ACTION ITEM: The line containing "#HOPE_ON_THE_STAGE_TOUR_Manila FAN PROJECT." marks where copying starts, so set down that line and each one after it exactly, through the end of the records.

Stored items

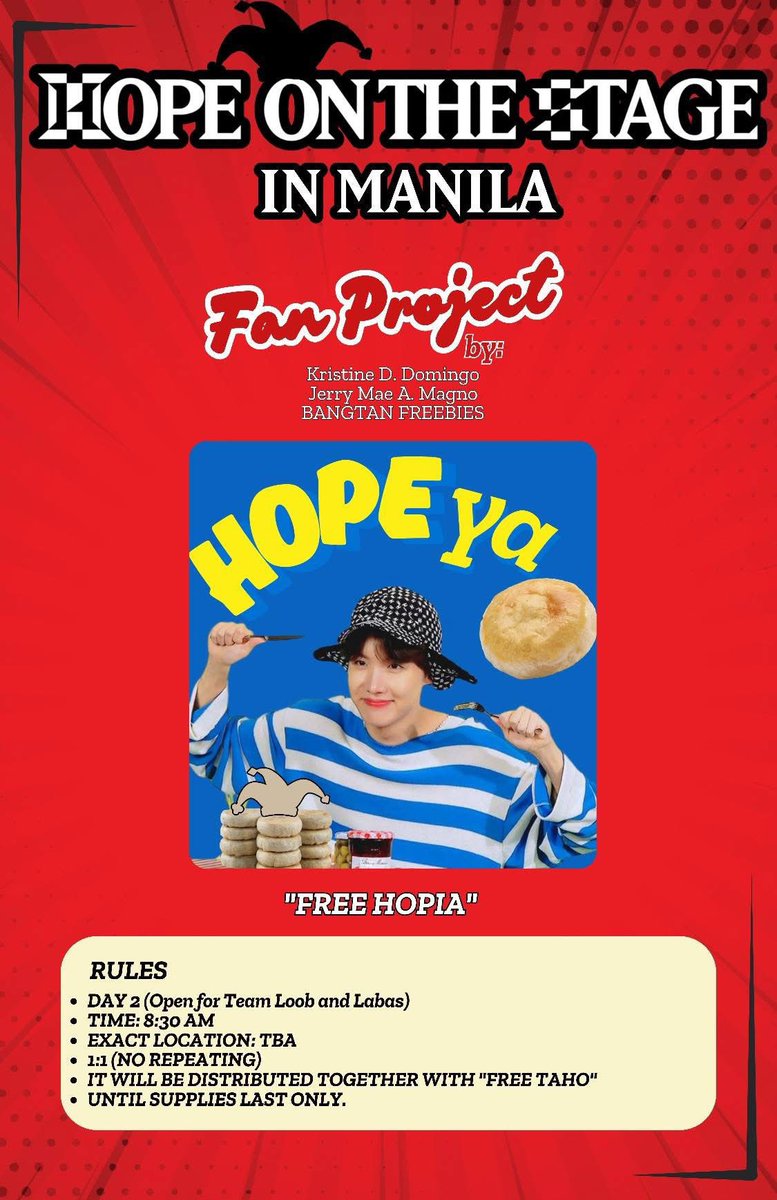 BangtanFreebies's tweet photo. #TheHOPEproject is still kicking, thanks to our generous sponsors❤️‍🔥

 #HOPE_ON_THE_STAGE_TOUR_Manila FAN PROJECT.

DAY 1&amp;2:  #taHOPEEEEEEE 
Day 1:  #HOPEdesal 
Day 2: #HOPEya 

Kindly check all the details in the pubmat below. 

THANK YOU @armyyahph &amp; @BangtanFreebies  ADMINS 🫶🏻 https://t.co/G2T619VwMt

TASK RESPONSE:
 #HOPE_ON_THE_STAGE_TOUR_Manila FAN PROJECT.

DAY 1&amp;2:  #taHOPEEEEEEE 
Day 1:  #HOPEdesal 
Day 2: #HOPEya 

Kindly check all the details in the pubmat below. 

THANK YOU @armyyahph &amp; @BangtanFreebies  ADMINS 🫶🏻 https://t.co/G2T619VwMt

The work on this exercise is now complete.